Despite the obvious signs it exists -- and has for nearly 20 months -- the pervasive buyer's remorse that hovers around President Bush's second term, as measured by public opinion polls, remains off limits for the press. The topic is all but banned from polite discussion among elite Beltway press players who seem to be deeply invested in the success of the Bush administration.
The issue of buyer's remorse is directly connected to a larger, twofold problem surrounding the ongoing coverage of Bush's polling numbers. First, there's developed a pervasive press obsession with trying to be the first to document Bush's rebound in the polls. (It stands in stark contrast to the press conduct during President Clinton's second term when reporters and pundits were forever hunting, unsuccessfully, for evidence that Clinton's popularity was slipping.)
Secondly, and just as disturbing, is the categorical refusal by the press to put Bush's consistently dreadful poll numbers into any kind of historical context. The fact that Bush has been bogged down for much of this year with poll numbers in the 30's is nothing short of astonishing.
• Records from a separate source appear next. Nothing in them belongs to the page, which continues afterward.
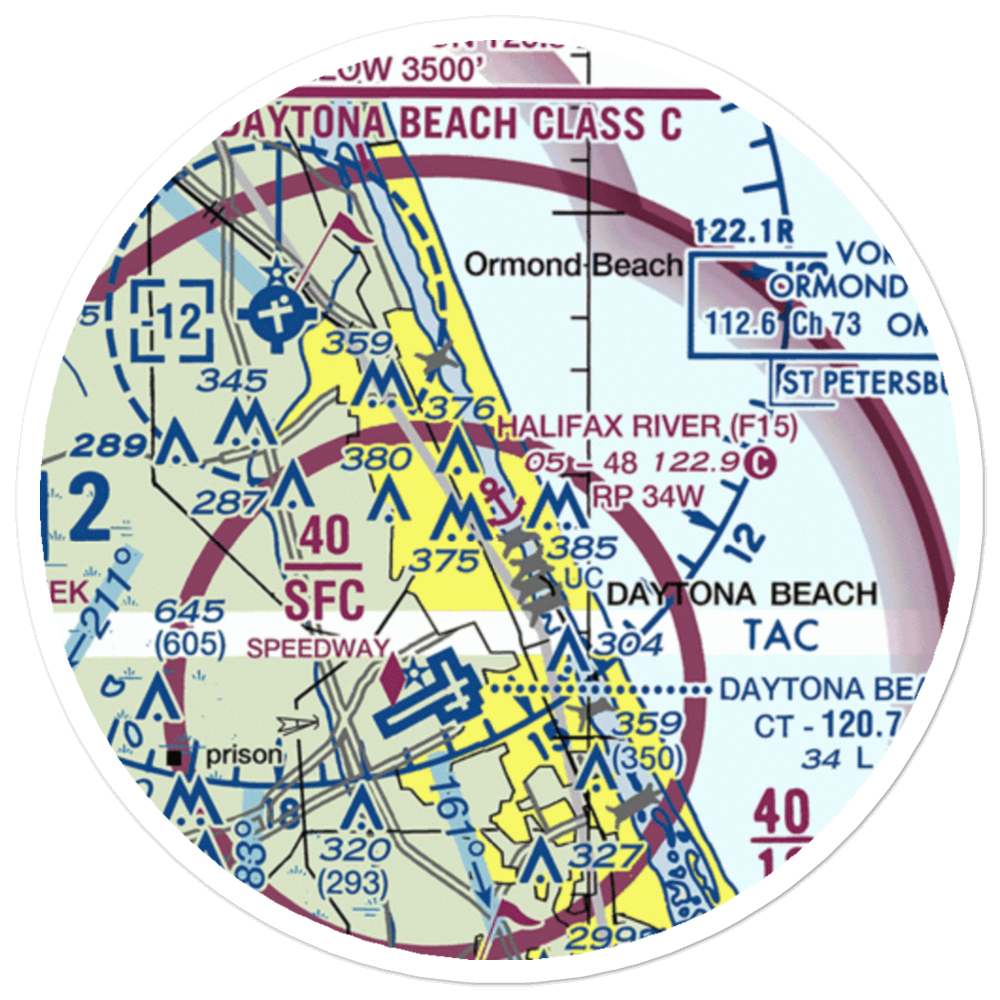 Halifax River Seaplane Base (F15) VFR Sectional Sticker (20 mile) 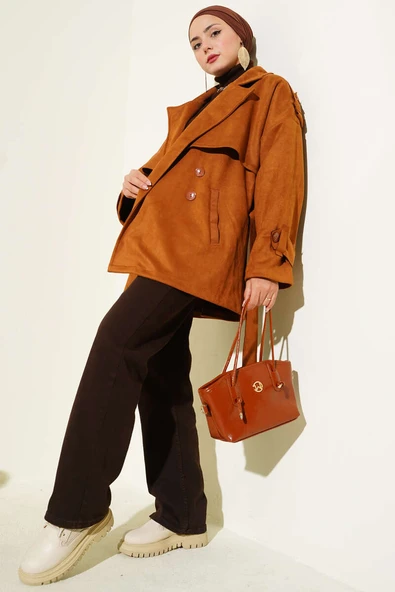 Süet Pelerinli Kuşaklı Trençkot Taba - Resim 2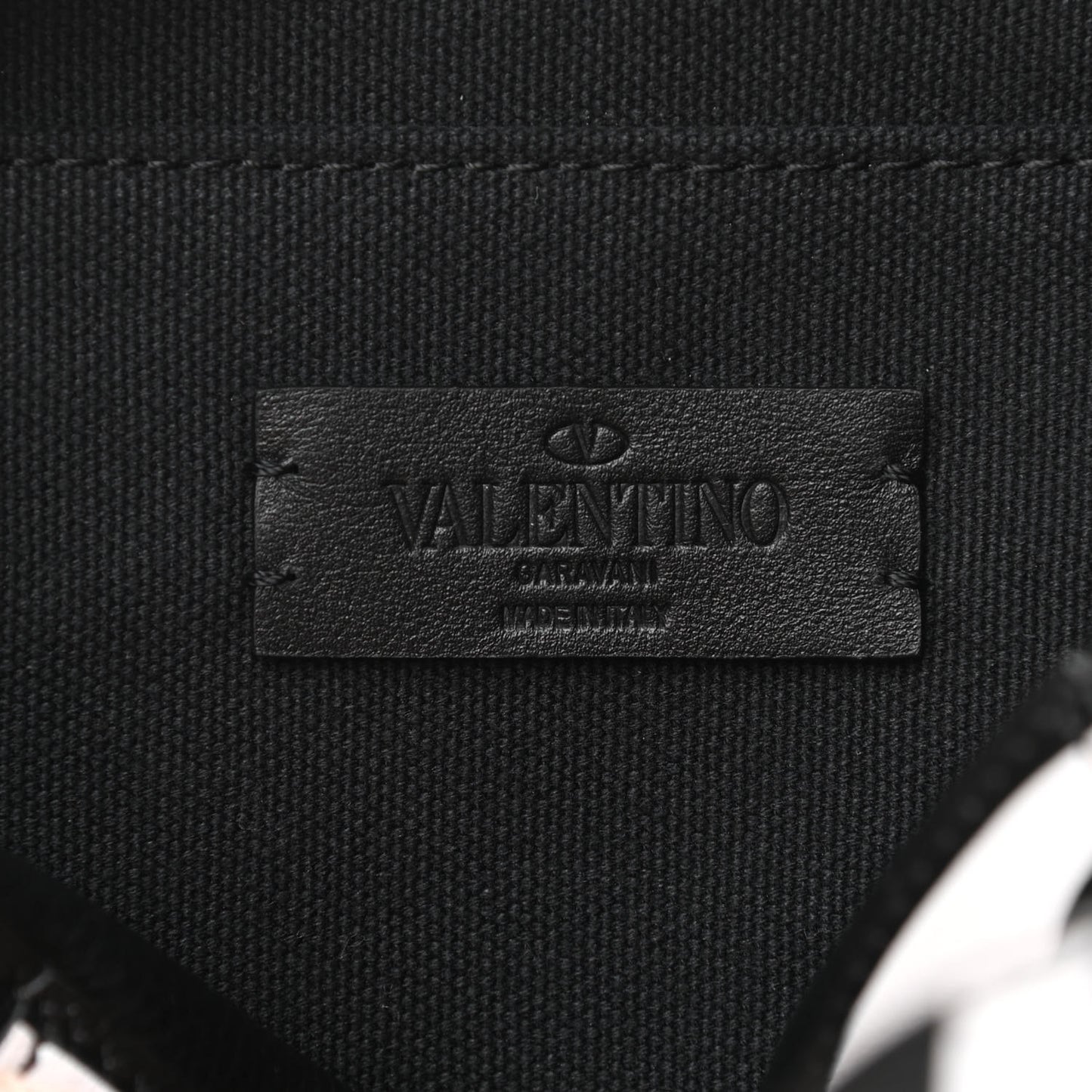 Calfskin Mens VLogo Belt Bag Black White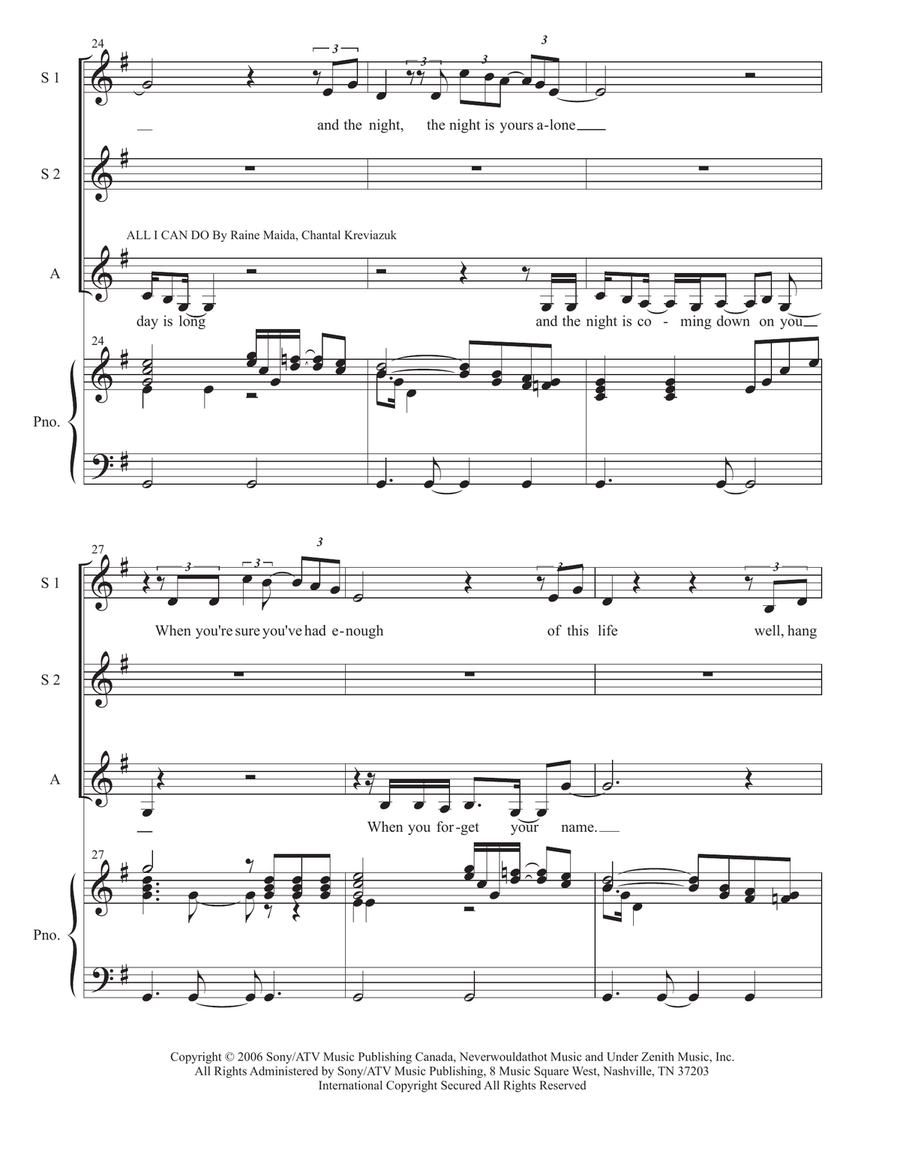 Medley: Bridge Over Troubled Water with Everybody Hurts, All I Can Do, Fix You, and Yellow SSA scores gallery preview page 4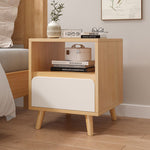 Modern Minimalist Square Rectangular Wood Nightstand 1/2/3 Drawer For Bedroom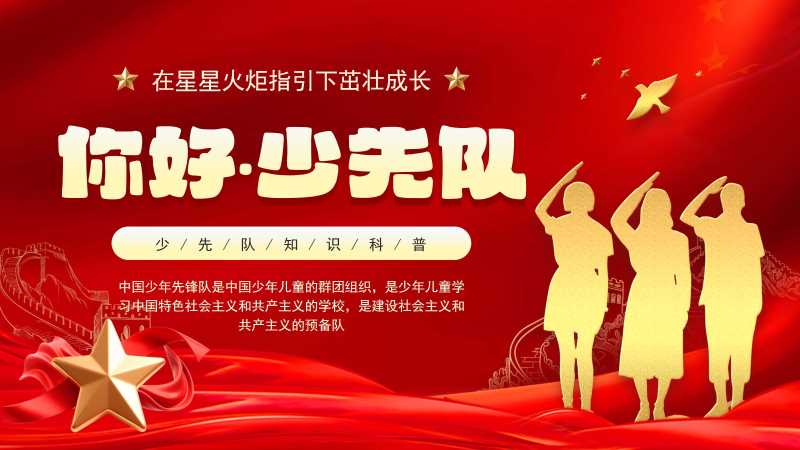简约风你好少先队知识科普PPT模板20250929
In the last half-century, the only other comparable second-term collapse belonged to Richard Nixon, whose fall, of course, was fueled by the revelation that a criminal enterprise had been operating from inside the Oval Office. Yet Bush's second-term performance is rarely mentioned in the same breath as Nixon's.
Quite the contrary, despite historic dissatisfaction with Bush, the press continues to depict him as the central, charging force in American politics, while setting aside all sorts of time and energy trying to document Bush's (we're told) inevitable rebound.